NVIDIA CUDA 4.0, page-locking a memory with runtime API

https://stackoverflow.com/questions/5804133

24-10-2019
|

Question

NVIDIA CUDA 4.0 (RC2 is assumed here) offers the nice feature of page-locking a memory range that was allocated before via the "normal" malloc function. This can be done using the driver API function:

CUresult cuMemHostRegister (void * p, size_t bytesize, unsigned int Flags);

Now, the development of the project was done so far using the runtime API. Unfortunately it seems that the runtime API does not offer a function like cuMemHostRegister. I really would like to avoid mixing driver and runtime API calls.

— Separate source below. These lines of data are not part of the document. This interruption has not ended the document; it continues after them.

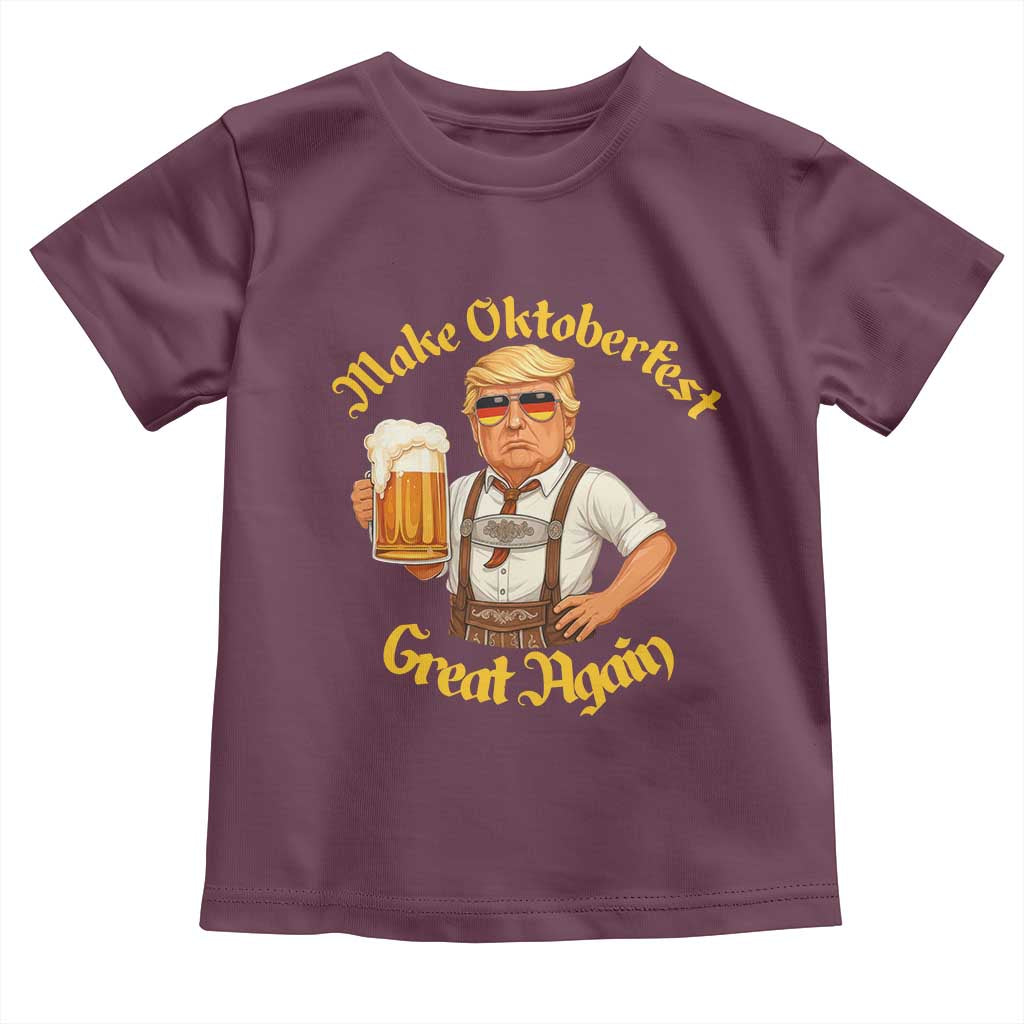 Make Oktoberfest Great Again Toddler T Shirt Funny Trump Bavarian Beer Festival Drinking Party TS02 Maroon Print Your Wear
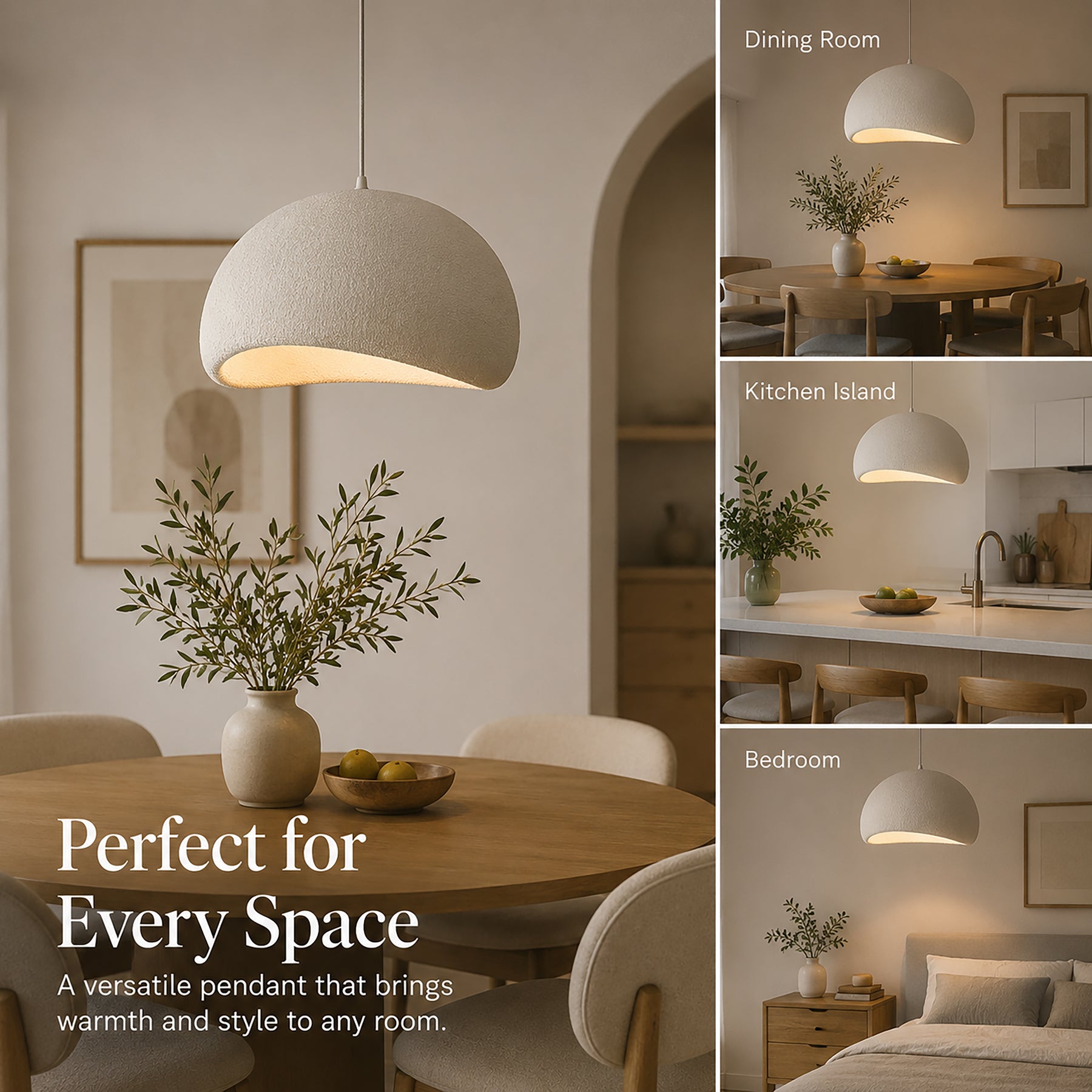 1 Lights W20in Modern Dome Pendant Light Single Modern White Chandelier for Dining Room Industrial Concrete Shade Hanging Light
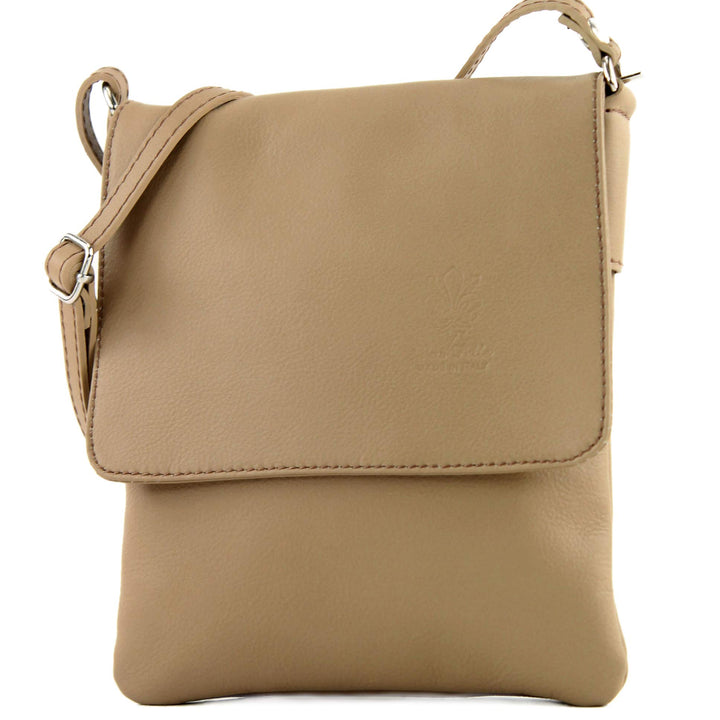 modamoda de - T34 - ital Damen Umhängetasche Schultertasche Klein Braunbeige, Braunbeige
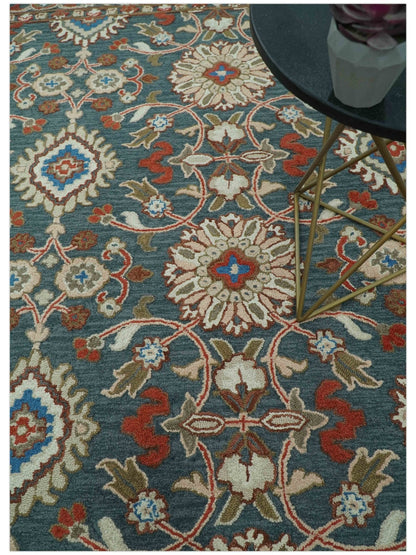 Custom Made Traditional Persian Design Silver, Blue And Rust Hand Tufted Wool Area Rug.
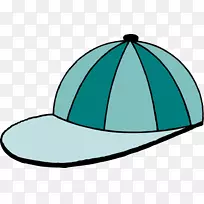 帽子棒球帽卡通-条纹蓝色棒球帽插图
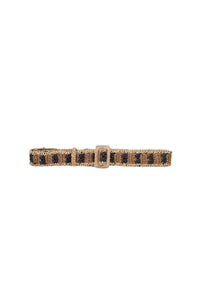 Ceinture Fishtail tressée en raphia - Leopard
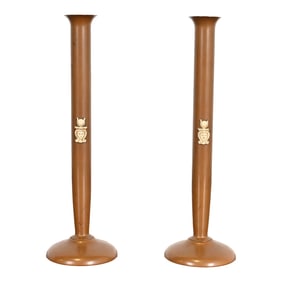 Benedict Studios Arts & Crafts Bronze Bud Vases, Pair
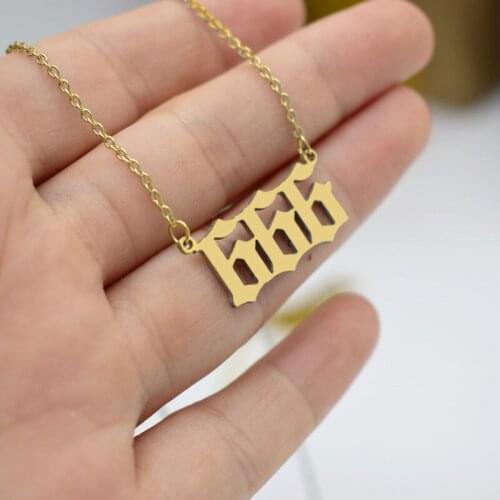 Goth Angel Number Necklace For Women 333 666 777 999 Stainless Steel Choker Chain Devil Necklaces Vintage Jewelry Collier Femme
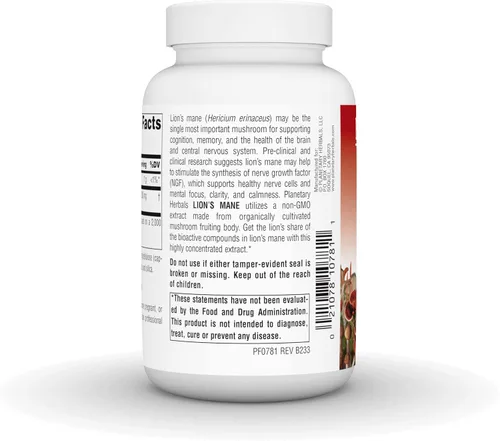 Vista 3 de Planetary Herbals Melena de León, para la memoria, la concentración y el estado de ánimo*, 1,000 mg - 90 cápsulas veganas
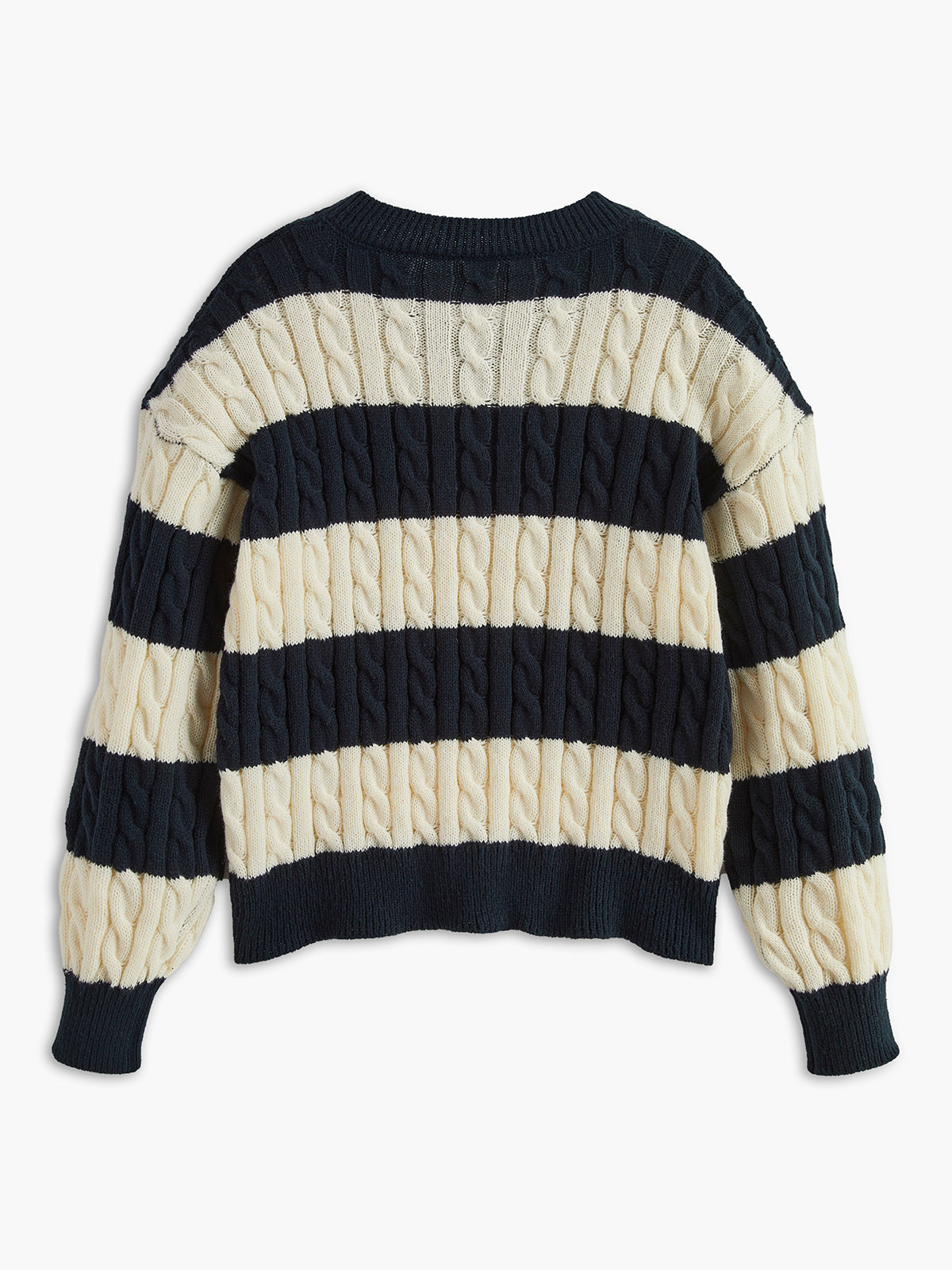 Sweter z dekoltem w serek i prążkami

Does anyone know how to page-lock memory that was prior allocated using standard malloc ? Standard libc functions should not be used, since the page-locking is carried out for staging the memory for a fast transfer to the GPU, so I really want to stick to the "CUDA"-way.

Frank

Solution

The 4.0 runtime API offers cudaHostRegister(), which does exactly what you are asking about. Be aware that the memory allocation you lock must be host page aligned, so you probably should use either mmap() or posix_memalign() (or one of its relatives) to allocate the memory. Passing cudaHostRegister() an allocation of arbitrary size from standard malloc() will probably fail with an invalid argument error.

Licensed under: CC-BY-SA with attribution

Not affiliated with StackOverflow